From the material below, set down exactly the lines that run from the one containing "Нагрівальний мат Fenix" to the one containing "BMW 3 серия 2.0 AT, 2022", minus the pictures.

Records provided:

★ ★ ★ ★ ★ ★ ★

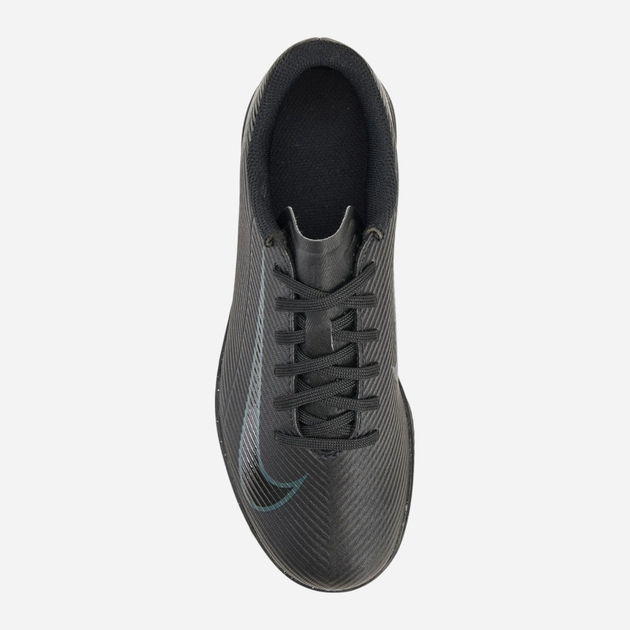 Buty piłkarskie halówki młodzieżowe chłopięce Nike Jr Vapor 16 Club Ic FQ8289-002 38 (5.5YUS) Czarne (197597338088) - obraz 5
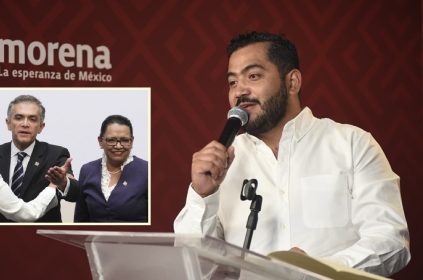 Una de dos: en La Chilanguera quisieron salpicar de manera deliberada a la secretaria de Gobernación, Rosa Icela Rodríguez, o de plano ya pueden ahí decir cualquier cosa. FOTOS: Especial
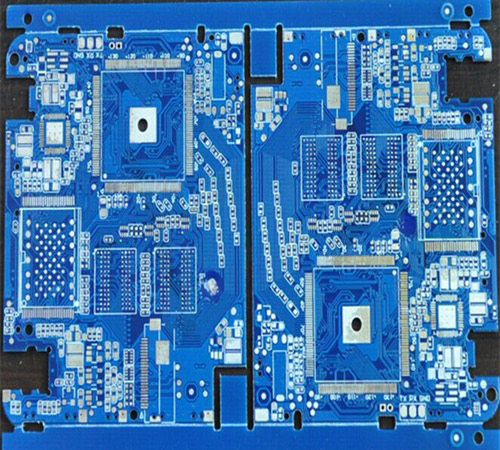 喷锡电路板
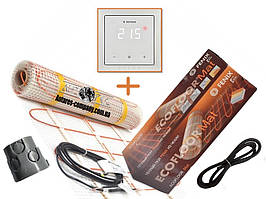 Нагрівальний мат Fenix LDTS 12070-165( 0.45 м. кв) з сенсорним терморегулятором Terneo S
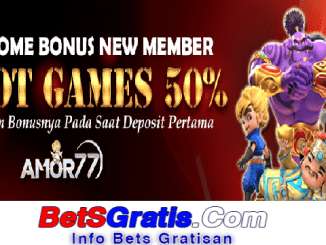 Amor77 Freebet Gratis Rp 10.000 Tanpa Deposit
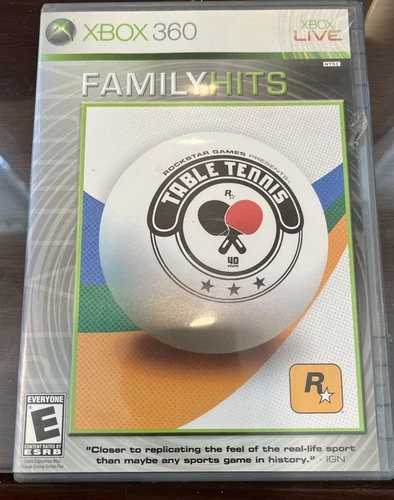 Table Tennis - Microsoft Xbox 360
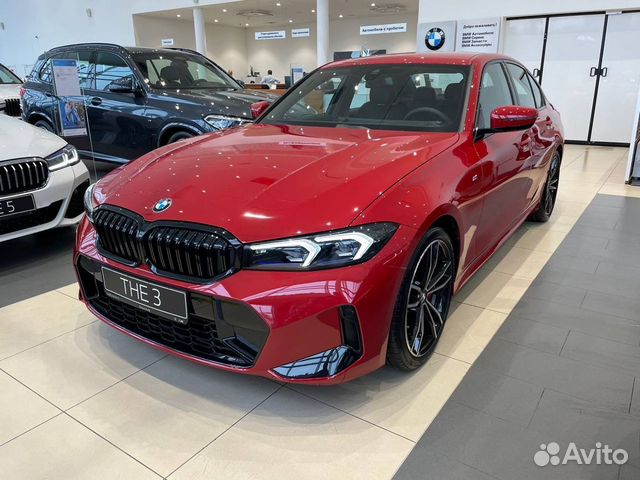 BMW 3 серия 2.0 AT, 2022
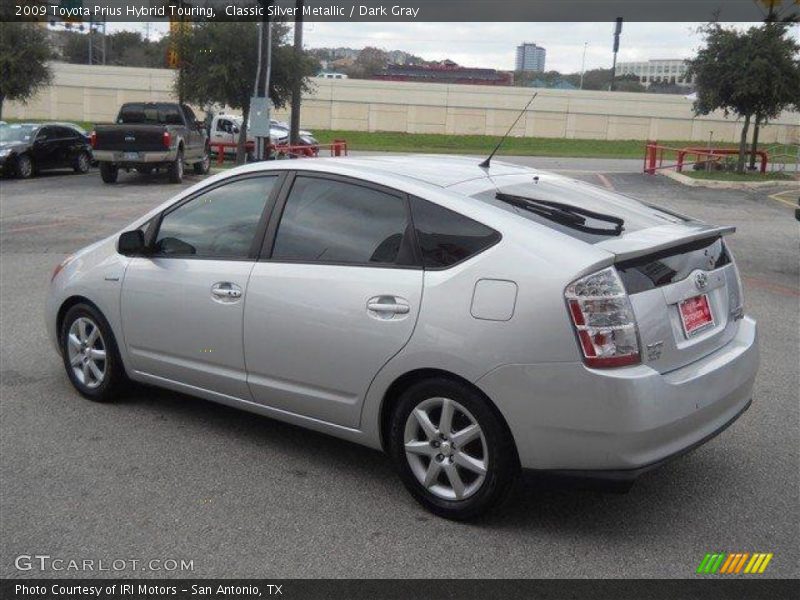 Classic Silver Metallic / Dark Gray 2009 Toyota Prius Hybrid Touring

★ ★ ★ ★ ★ ★ ★

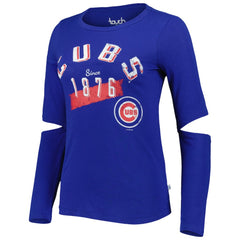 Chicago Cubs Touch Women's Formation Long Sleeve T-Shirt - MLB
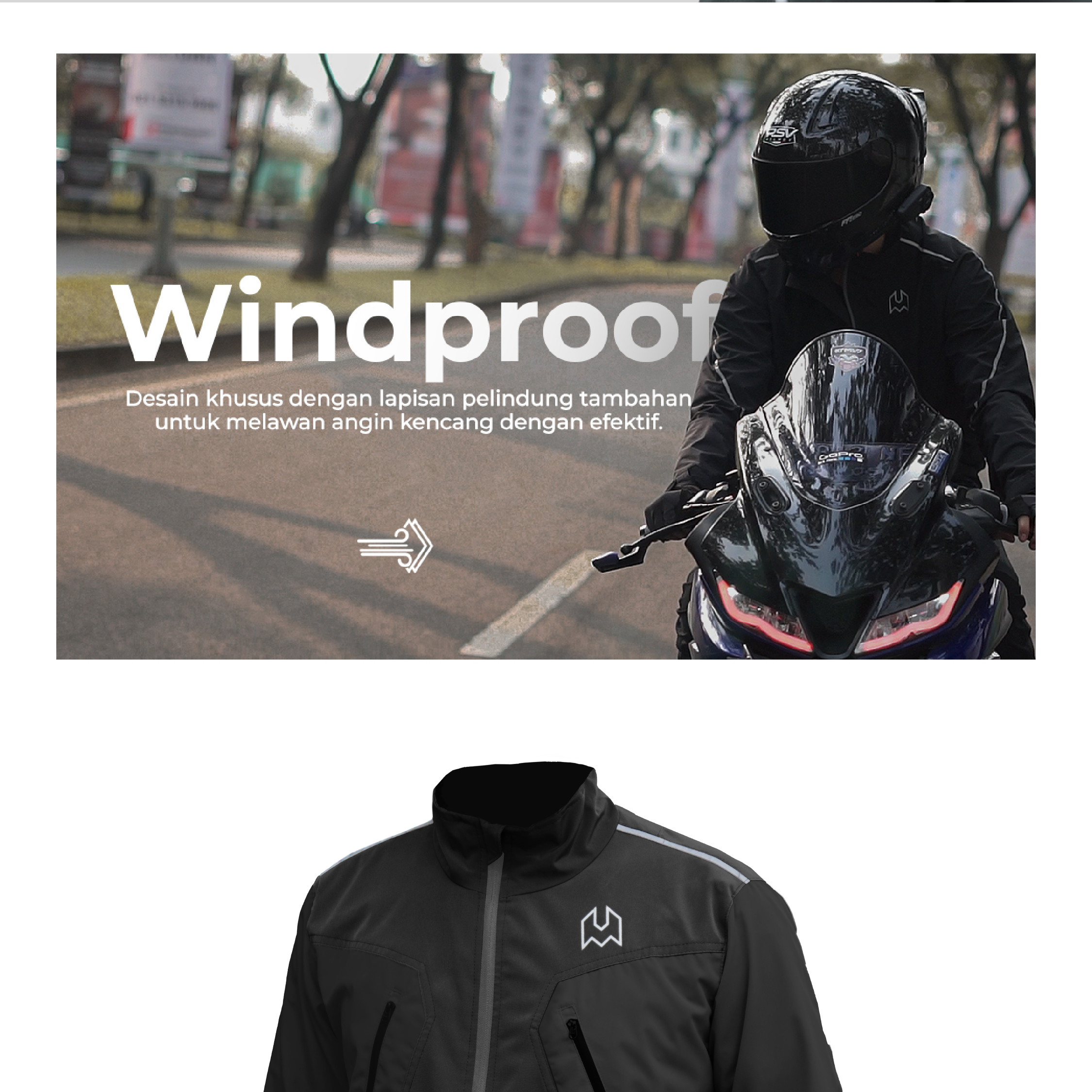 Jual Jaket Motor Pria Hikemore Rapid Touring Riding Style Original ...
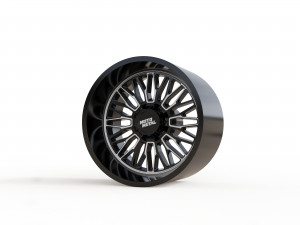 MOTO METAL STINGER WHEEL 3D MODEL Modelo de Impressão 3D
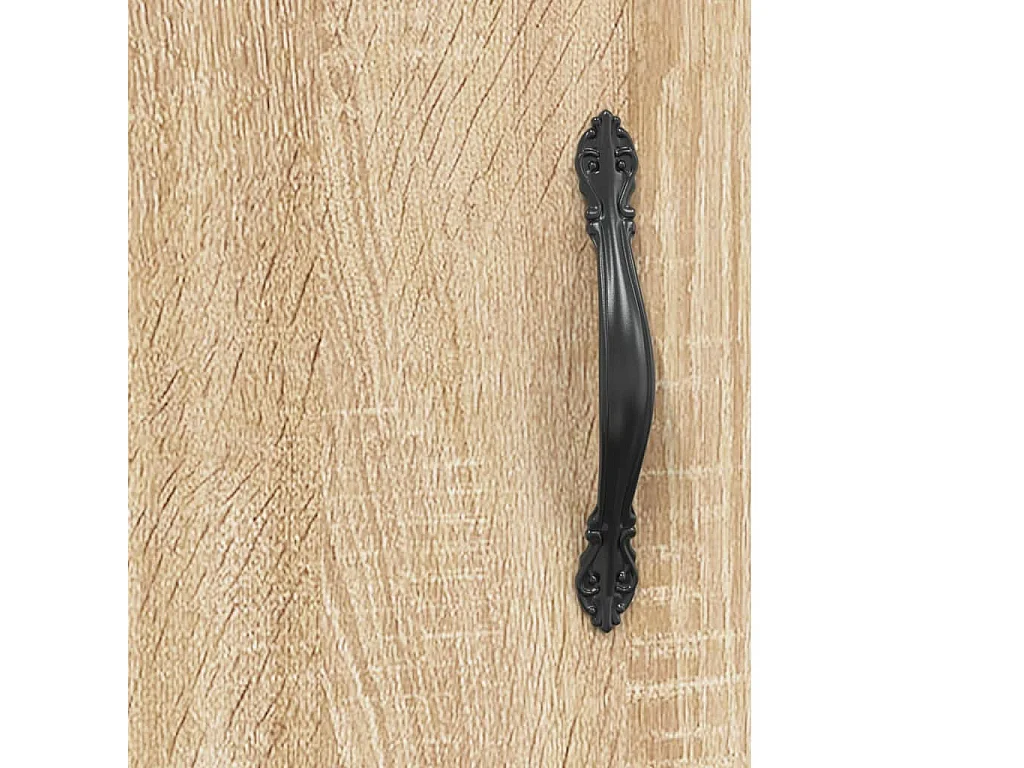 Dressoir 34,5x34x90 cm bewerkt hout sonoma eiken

★ ★ ★ ★ ★ ★ ★

Answer to the exercise:
 Нагрівальний мат Fenix LDTS 12070-165( 0.45 м. кв) з сенсорним терморегулятором Terneo S
 Amor77 Freebet Gratis Rp 10.000 Tanpa Deposit
 Table Tennis - Microsoft Xbox 360
 BMW 3 серия 2.0 AT, 2022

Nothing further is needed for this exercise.